Friday, 5 June 2009

Paper of Record content on Google News Archive Search

Following much frustration Google have finally posted a clarification of the situation regarding the content the company purchased from Paper of Record (Cold North Wind). The good news is that much of the content is available through Google news archive search. Some of the material requires further processing, promised in the next three months. The bad news is that some titles, including the Sporting News, Temiskaming Speaker and The Perth Courier, will not be coming to Google.

The substantive part of the announcement is copied below.


Many of you have asked about our specific plans regarding newspapers originally digitized by Paper of Record. We wanted to give you an update on our progress, and to clear up some misunderstandings. As part of our ongoing efforts to make more old newspapers accessible and searchable online, we acquired a number of titles from Paper of Record. Most of the titles that we acquired from Paper of Record are online and fully searchable. In fact, in many cases we digitized the content again to improve the quality of the images and the OCR.

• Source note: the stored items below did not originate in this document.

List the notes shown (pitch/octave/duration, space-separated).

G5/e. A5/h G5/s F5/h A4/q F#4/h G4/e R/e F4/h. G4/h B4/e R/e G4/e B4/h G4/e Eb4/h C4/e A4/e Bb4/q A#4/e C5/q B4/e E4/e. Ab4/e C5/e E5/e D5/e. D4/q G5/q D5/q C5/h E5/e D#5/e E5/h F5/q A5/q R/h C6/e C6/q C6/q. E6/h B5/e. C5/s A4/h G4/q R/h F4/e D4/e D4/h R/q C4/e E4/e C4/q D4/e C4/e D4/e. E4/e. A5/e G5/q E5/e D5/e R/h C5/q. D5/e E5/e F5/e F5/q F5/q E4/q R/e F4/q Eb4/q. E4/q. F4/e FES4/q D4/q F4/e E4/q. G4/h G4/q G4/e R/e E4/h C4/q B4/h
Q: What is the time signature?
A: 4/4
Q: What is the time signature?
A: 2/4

However, there are some titles provided by Paper of Record that currently are not live on Google News Archive Search.
For those titles we have the right to display, we're in the process of bringing them online and making them viewable via Google News Archive, along with other sources we've digitized or crawled from the web. That means that if you're looking for material originally acquired by Paper of Record, it likely falls into one of three groups:

*4.91M articles
representing 522 titles obtained from Paper of Record are now live on Google News Archive search. This includes previously live content as well as content added as of this week from Paper of Record, all free of charge. Please note that all articles from these titles may not be comprehensively available, but will otherwise be made available in browse-only mode within 3 months. The full list is here [2].

*~0.5M pages representing 381 titles
obtained from Paper of Record will be made available in browse-only mode within 3 months, also free of charge. The full title list is here [3]. Many of the images we obtained were of low quality, and we were therefore unable to get quality text after following the OCR process. We are working to put up content from these titles so that they can be browsed.

*Finally, for these 10 titles here [4], we don't have the rights to display these newspapers. We've reached out to the publishers who hold rights to these papers, but not all want to participate in Google's programs. To access these, you may need to travel to a library if you can't find an online source, or contact the publisher directly.

Click here [5] for more information on how to find specific titles in the archive. We will also be soon rolling out direct search which will allow the user to search and browse through newspaper titles directly.

We have heard the concerns voiced by members of the research community, and know how important this content is to users. We apologize for any inconvenience you may have experienced. We're committed to providing a comprehensive index of archived newspaper content and to making the content acquired by Paper of Record available to our users.



M. Diane Rogers said...

Still frustrating and even baffling, although I do appreciate Google finally giving us more info. My searches still don't bring up material I'm sure 'was there before' (at Paper of Record) for example, from the "Manitoban" and the "Winnipeg Times" or the New Westminster BC papers. But Manitoba searches do quickly bring up links to clippings/pages at the pay site, even for a 1922 Manitoba directory. No news there!

Anonymous said...

Not sure which papers they are not giving us access to, like Paper of Record did, but heard there were three.
One of them is the Temiskaming Speaker, New Liskeard, Ontario. Good news is that the Library in New Liskeard has the paper on microfilm, and anyone can access it for FREE. I suggest looking into what resources your local library has.